ACTIVITY:
Leaving out the pictures, return word for word the stretch of entries below from the line holding "2.5.2 Betjening av" through the line holding "Sexy Off The".

++++ DATASET

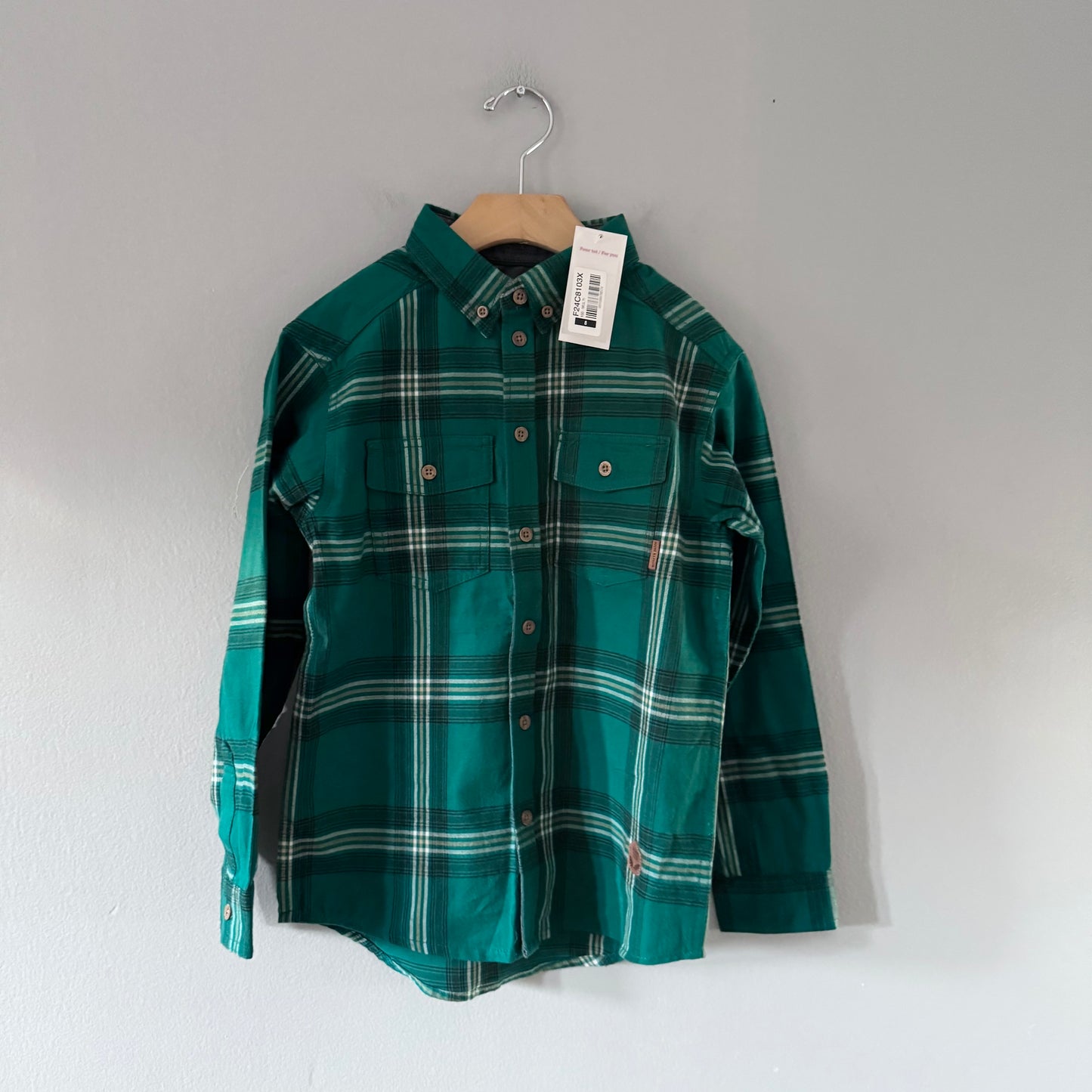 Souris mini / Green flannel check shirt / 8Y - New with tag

++++++++
++++ DATASET

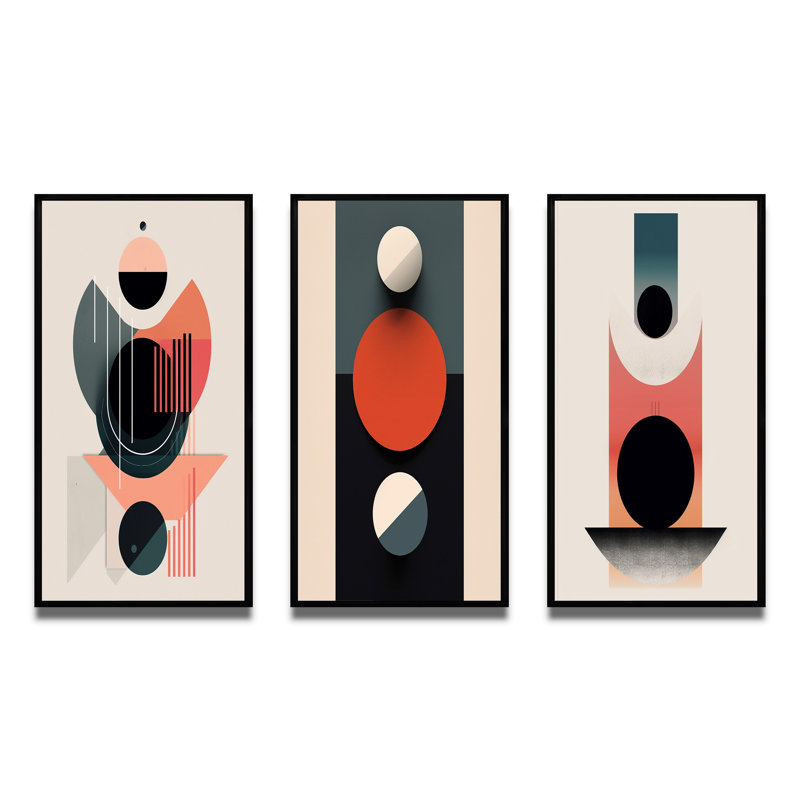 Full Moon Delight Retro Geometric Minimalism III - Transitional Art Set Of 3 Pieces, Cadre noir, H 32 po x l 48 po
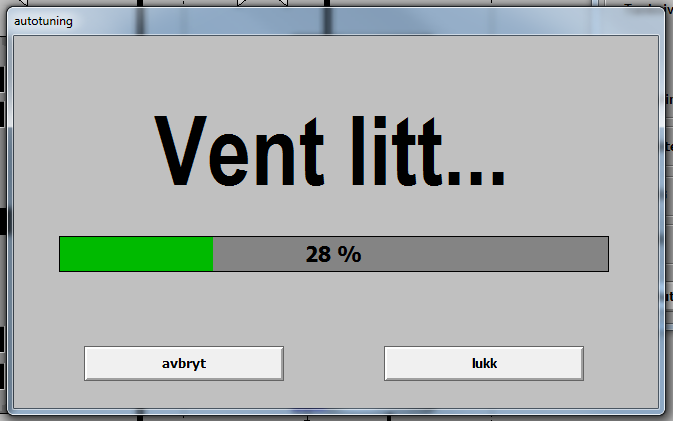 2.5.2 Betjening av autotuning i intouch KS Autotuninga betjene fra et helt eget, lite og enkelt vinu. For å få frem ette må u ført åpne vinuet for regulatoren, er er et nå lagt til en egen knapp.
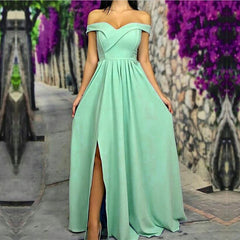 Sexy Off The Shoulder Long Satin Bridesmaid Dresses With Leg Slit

++++++++

ANSWER BOX:
 2.5.2 Betjening av autotuning i intouch KS Autotuninga betjene fra et helt eget, lite og enkelt vinu. For å få frem ette må u ført åpne vinuet for regulatoren, er er et nå lagt til en egen knapp.
 Sexy Off The Shoulder Long Satin Bridesmaid Dresses With Leg Slit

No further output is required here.